В знаковой пустоте постмодерна, с появлением которой набирают силу идолы рынка и идолы театра, существуют исключительно языковые игры. Они – очень разные, и в каждой из них имеются свои правила. Всякая языковая игра определяет содержание высказываний, которые, кочуя из игры в игру, толкуются и понимаются уже не аутентично: не так, как было задано изначально. Он теряют верность себе. В результате категории бытия, Бога, сознания, чести, духа, совести, самости перестают быть онтологическими константами. Сама попытка придать им нечто постоянное вызывает ярость. Больше не должно быть никаких универсалий и констант, никаких архетипических структур и статических ядер бытия. Гнев вызывает даже онтологическая категория постоянства как якобы фундаменталистская, «фашистская».
Вместо этого нам предлагается ползучая, обольстительная репрессивность словесной путаницы с условными договорённостями о морали, где по воле идолов театра вчерашнее добро становится злом и наоборот и где дозволены любые, даже самые гнусные, нравственные извращения. Логическая сетка понятий и взаимно направленных интерпретаций понятий набрасывается на живой опыт, замыкая символический круг игры. В этой игре существует единственный тоталитарный цензор – демократия. Единственный и самый тяжкий плен – свобода. Единственное насилие – ненасилием. Имеет место произвольная смена имен на противоположные. Имеет место предпочтение зла перед добром. Фактам отныне нет места, поскольку им на смену приходят идолы.

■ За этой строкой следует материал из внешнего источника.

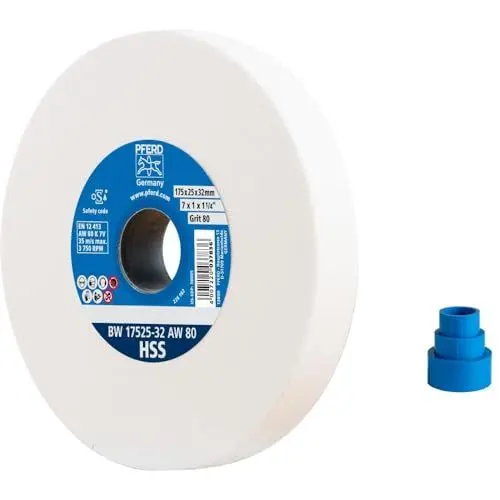 Produktbild: PFERD Schleifbockscheibe HSS, 175x25x32mm, A80, 39009700 – Mittelharte Schleifscheibe zum Schärfen von HSS-Bohrern, mit Reduzierhülsen (25/20/16mm)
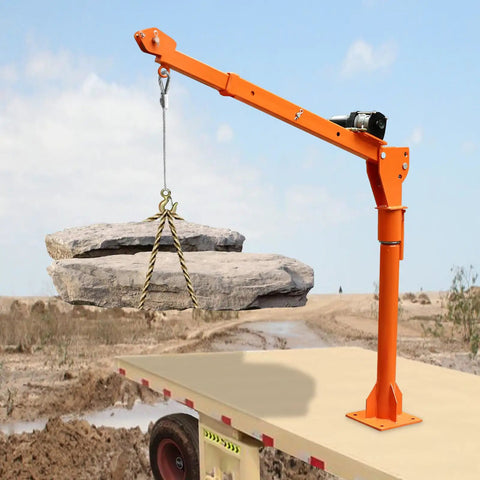 Heavy Duty 1100 Lb Truck Bed Crane Hoist With Electric Winch lifting heavy rocks with precision angle control.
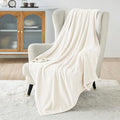 Bedsure Fleece Throw XL Blanket Cream - 300GSM Soft Lightweight Plush Cozy Blankets for Bed, Sofa, Couch, Travel, Camping, 50x70 inches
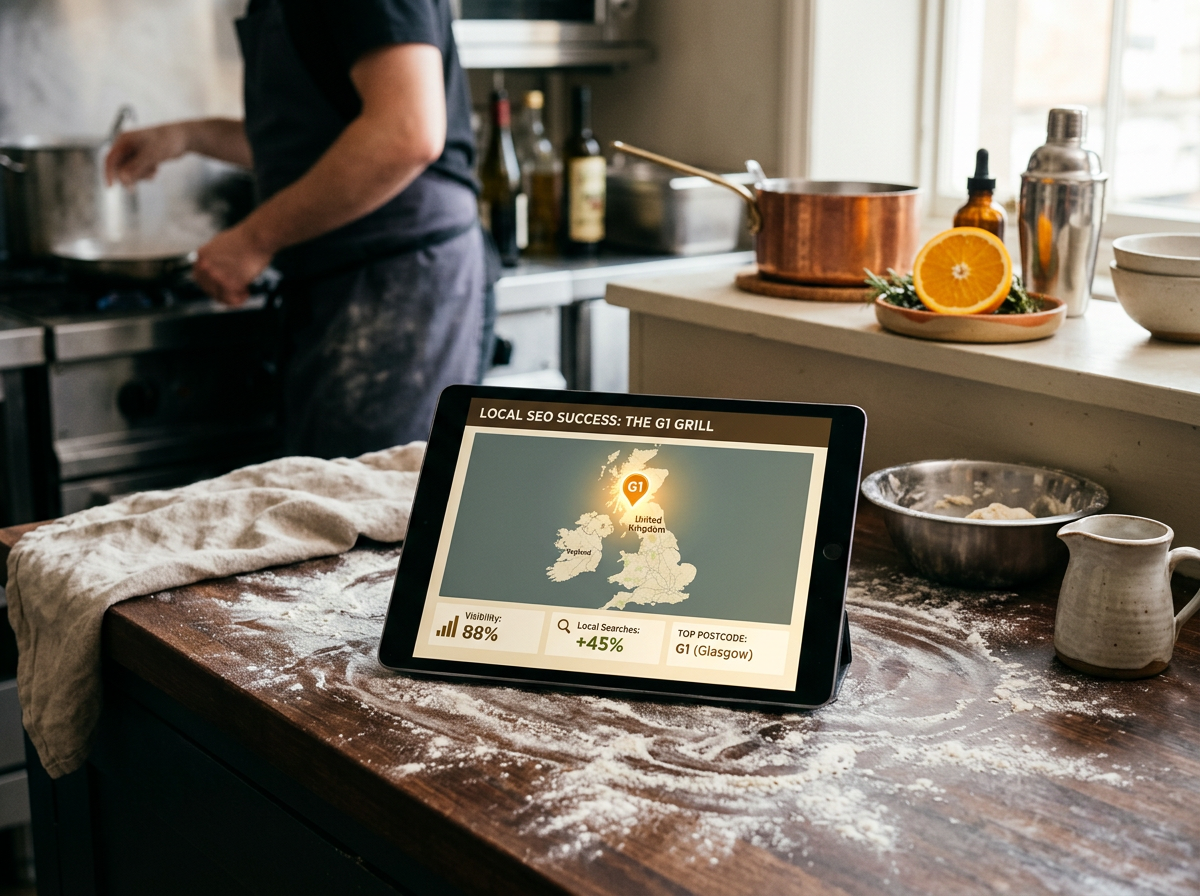 A tablet on a professional kitchen counter displaying a Local SEO dashboard with postcode-specific metadata for a UK restaurant.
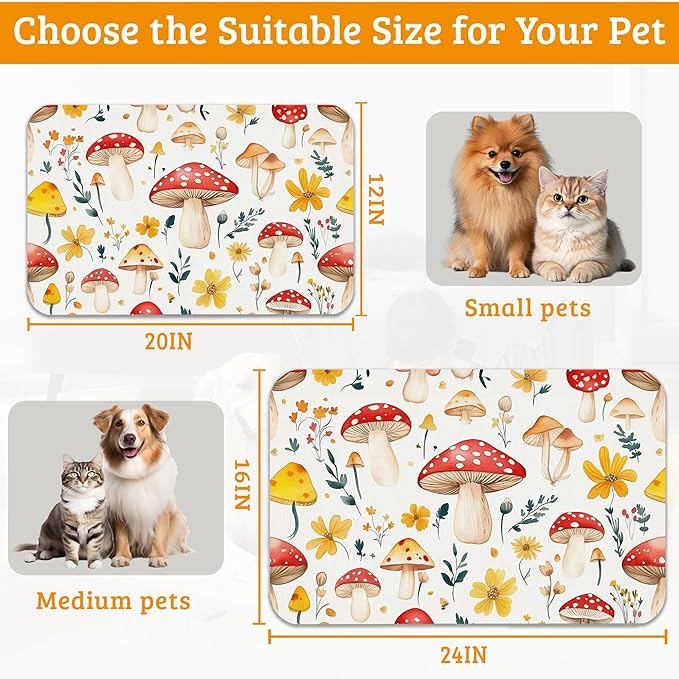 Pet Feeding Mat,Mushroom Absorbent Dog Cat Food Mat Flowers Dog Mat with Rubber Backing,Non-Slip Water Bowl Placemat,Pet Supplies 12" x 20"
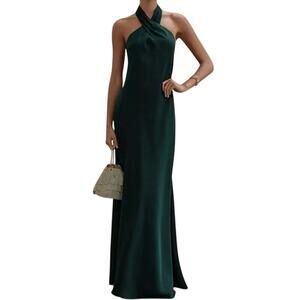 BHLDN Ruby Twist Halter Satin Dark Gown in Green Size 2 New w/o Tag MSRP $248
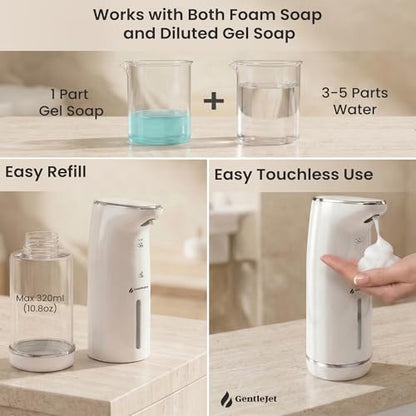 GentleJet Cloudfoam Automatic Foaming Soap Dispenser Touchless Foam Dispenser for Kids & Family, Soft Rich Foam, USB-C Rechargeable, No-Clog Design, IPX5 Waterproof, 320 ml - color: White - Chrom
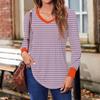 Camicie da donna a maniche lunghe a sbuffo, tuniche autunnali a maniche lunghe con scollo a V plissettato e stampe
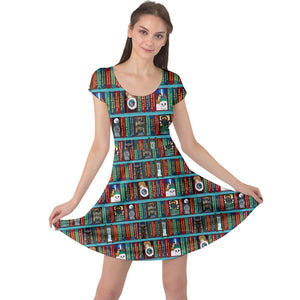 Fantasy book shelf print dress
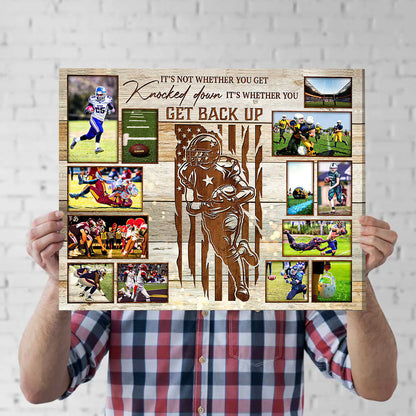 Canvas / Poster material and size view - Custom Football Player Photo Collage Canvas Poster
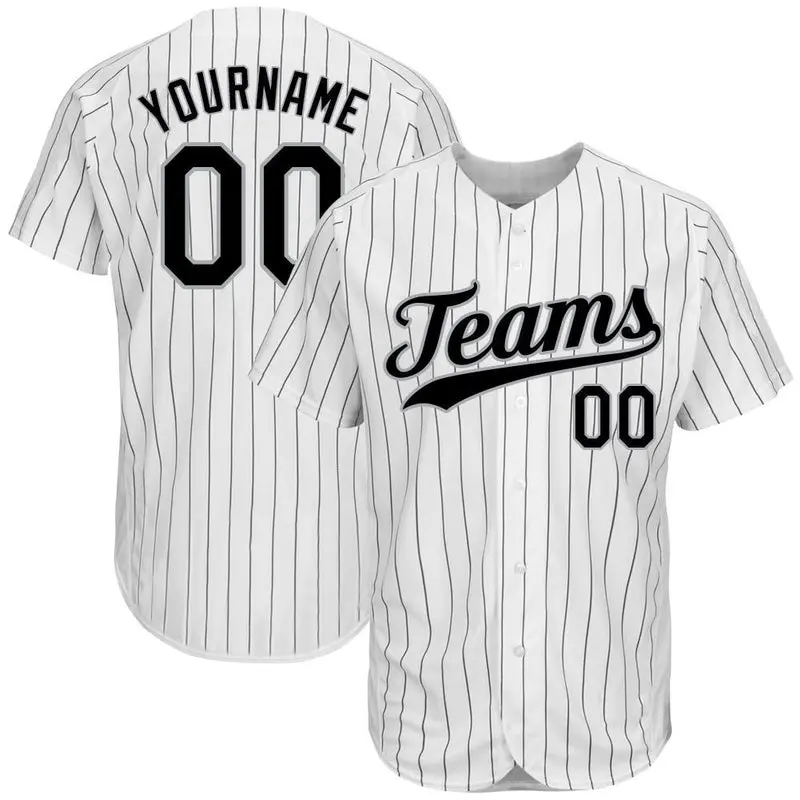 Custom White & Black Pinstripe Baseball Jersey – Black & Gray Accent Authentic Button Down for Men, Personalized Classic Streetwear or Game Day Outfit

Или же сами факты начинают играть роль идолов.
Если когда-нибудь современный пацифист вам скажет, что ему жаль погибших на войне людей, не верьте этой жалости: ему просто больно и одновременно занимательно созерцать идолов эстетизированной катастрофы.
Глобализм построил мир идолов, единых по своей сути, но внешне весьма разнообразных. Чтобы воспроизводить себя успешно, внутренняя глобальная среда должна производить впечатление множественности, различных отклонений от магистрального направления. И обязательно в такой среде должна быть своя внутренняя, умеренно отклоняющаяся, линия, создающая впечатление критики, хотя это – всего лишь подобие критики. Поэтому цикл перезагрузки глобальной системы всегда движется от гиперглобализма через реформаторство как имитацию критики обратно к гиперглобализму.
В результате апроприации глобализмом оппозиции формируется его морфология и типология. Глобалисты делятся на две категории в зависимости от определения теоретических целей и практических результатов распространения глобальной культуры. Первая категория глобалистов – откровенно захватническая – это гиперглобалисты. Их приоритеты: массовость, стандартизация, унификация. Они выступают за тотальную гомогенизацию – полную зачистку мира под транснациональный американизированный стандарт путем освоения новых и новых сырьевых и технологических зон. Более умеренную категорию представляют сторонники трансформизма, или реформаторства. Они также поддерживают глобальную экономику в качестве универсальной матрицы, коей необходимо принести в жертву весь остальной мир, но при этом настаивают, что в глобальном мире должны быть некие локальные островки – узлы, или пазлы местных структур, их хабы и кластеры. Иными словами, трансформисты не являются антиглобалистами, но представляют собой проявление «мягкой силы» внутри глобализма.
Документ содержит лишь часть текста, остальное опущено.